(Task objective): Copy, please, the line with "Picture of Suzu Hirose" and each line that follows it through the end of the data below, exactly as given and without pictures.

[Available data — start]

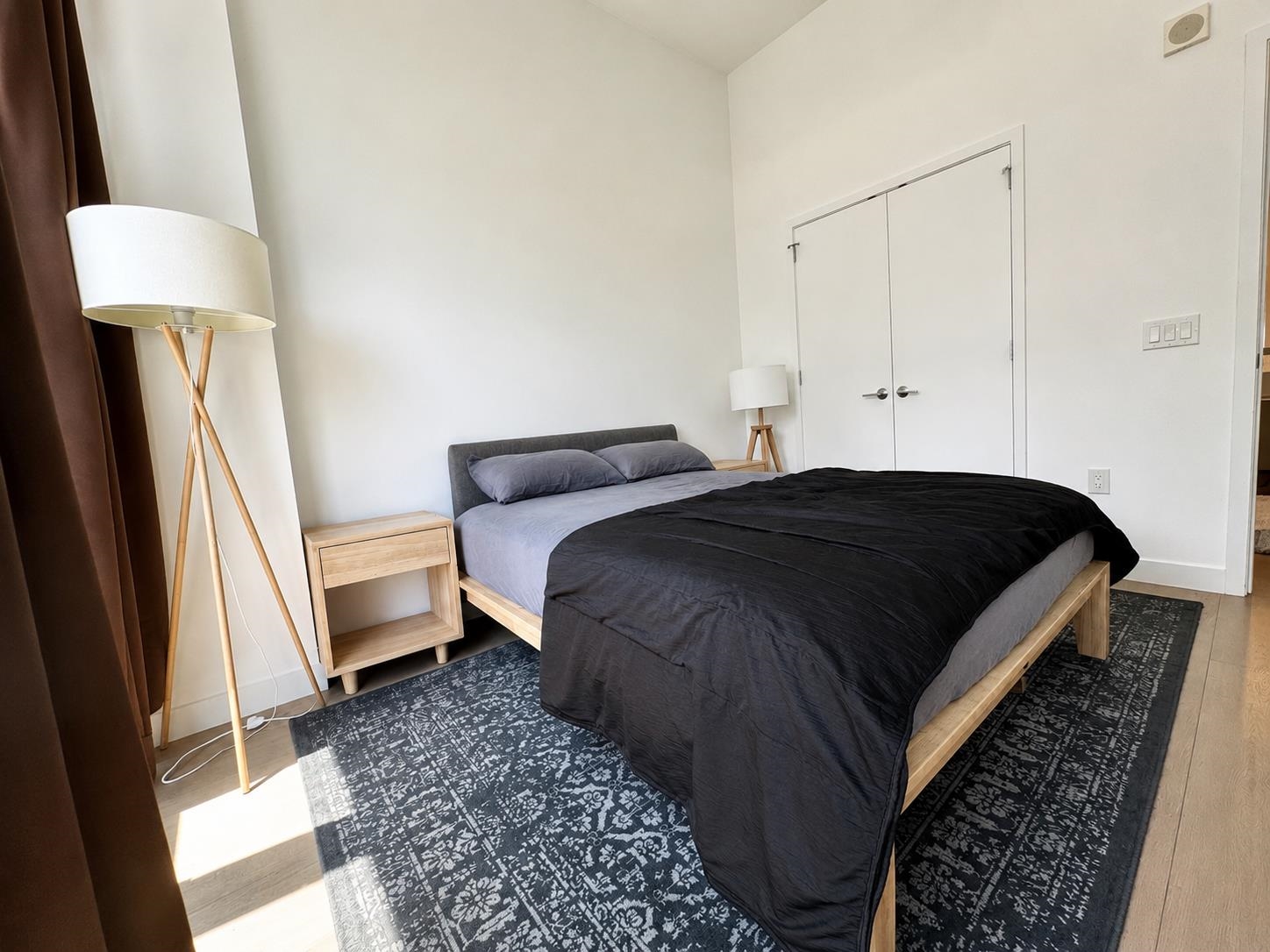 75 PARK LANE SOUTH Unit: 423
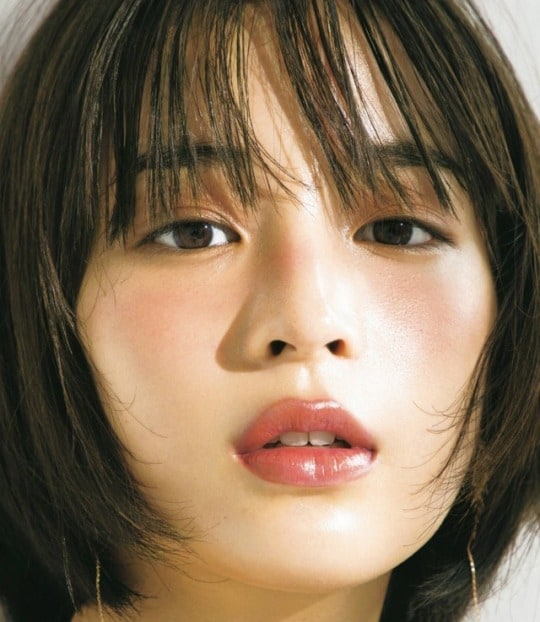 Picture of Suzu Hirose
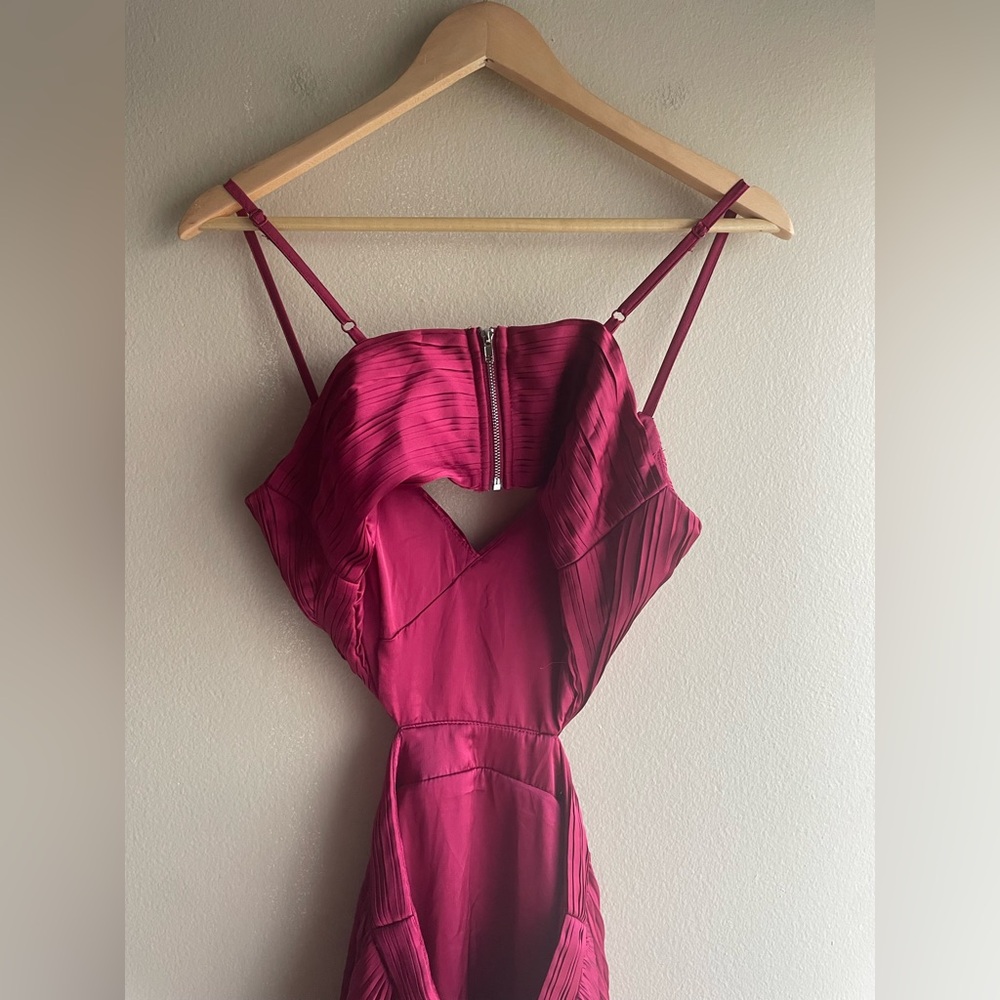 New Lulus Got the Glam Wine Red Pleated Cutout Maxi Dress Small - Picture 16 of 16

[Available data — finish]

(Task solution):
 Picture of Suzu Hirose
 New Lulus Got the Glam Wine Red Pleated Cutout Maxi Dress Small - Picture 16 of 16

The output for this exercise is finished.